Thanks for the breakdown, Freefall.


----------



## Marauder06 (Jan 10, 2007)

Freefalling said:


> Give me a moment and I'll come back to this reply, edit it, and give you a response.
> 
> I'm sure this will be lost in the shuffle.....
> 
> ...




Every SOF unit should have something, even if it's just a records check, a PT test, and a phone call to the losing unit's First Sergeant before the guy signs in.  But they don't.  It ain't that hard to do, it just involves some people getting off their asses to make it happen.  It absolutely boggles my mind that support assignments to SF groups, for example, are "needs of the Army."  That's ridiculous.


----------



## Looon (Jan 10, 2007)

I remember when I graduated BAC, and a handful of graduates to include some chicks, put on a green beenie.:doh:


----------



## Marauder06 (Jan 10, 2007)

Yeah, used to be everyone in an SF outfit wore the green beret.  Don't know when that chaged.


----------



## Crusader74 (Jan 10, 2007)

mara said:


> Yeah, used to be everyone in an SF outfit wore the green beret.  Don't know when that chaged.



Same over here too.


----------



## AWP (Jan 10, 2007)

mara said:


> Yeah, used to be everyone in an SF outfit wore the green beret.  Don't know when that chaged.




I THINK it was after the 18 series MOS came online.....I want to say the order came down in 90 or 91 that only 18 series guys could wear the green beret.


----------



## Crusader74 (Jan 10, 2007)

Flat Liners???


----------



## Marauder06 (Jan 10, 2007)

Eyes said:
			
		

> The Urban Legion I heard [years ago!] about that was that some full-bird Colonel saw a SF Support Soldier that just so happened to be a Pregnant Female [whom was obviously VERY pregnant at the time] in Maternity BDU's and the Green Beanie" and he completely flipped out.
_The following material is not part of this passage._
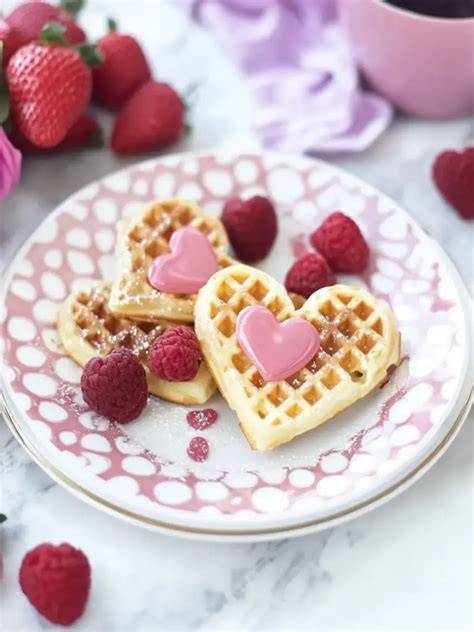 Herzförmige Waffeln mit Schokoladendip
And, that was the end of anyone to whom wasn't long tabbed from wearing it...
> 
> At least that's how the legend goes, I don't know if there is any truth to the story...
> 
> I love those guys that would always wear the Gortex back-in-the-day so to hide the fact that they were flat-liners... Especially ones that were privy to the ware of a Beret that would make them appear to be more high-speed than they really were...



I heard that urban legend as well.  I have no idea whether it's true or not.  The whole time I've been in, only SF-qual'd guys wore the green beret.


----------



## Max Power (Jan 10, 2007)

Irish_Army01 said:


> Flat Liners???



No badges above the name tape (no EIB, CIB, CMB, EFMD, Jump Wings, Air Assault... NOTHING).


----------



## Crusader74 (Jan 10, 2007)

Cheers Max:)


----------



## Marauder06 (Jan 10, 2007)

Max Power said:


> No badges above the name tape (no EIB, CIB, CMB, EFMD, Jump Wings, Air Assault... NOTHING).



That's me now.  I don't wear any badges with ACUs.  I think it looks odd and seems like an enormous PITA to put it on and take it off all the time.


----------



## Marauder06 (Jan 10, 2007)

Eyes said:
			
		

> You know you still wear your Air Assault wings...



I was pretty proud of them when I was a cadet.  My reading of 670-1 is I can wear either air assault or pathfinder with the CAB and jump wings, so the air assault wings stay in the insignia box.

When I first got to Campbell, some of my Soldiers had me convinced that because I didn't earn my wings at Campbell (home of Air Assault), I'd have to do the course again.  I bought it.  :doh:


----------



## Max Power (Jan 10, 2007)

mara said:


> I was pretty proud of them when I was a cadet.  My reading of 670-1 is I can wear either air assault or pathfinder with the CAB and jump wings, so the air assault wings stay in the insignia box.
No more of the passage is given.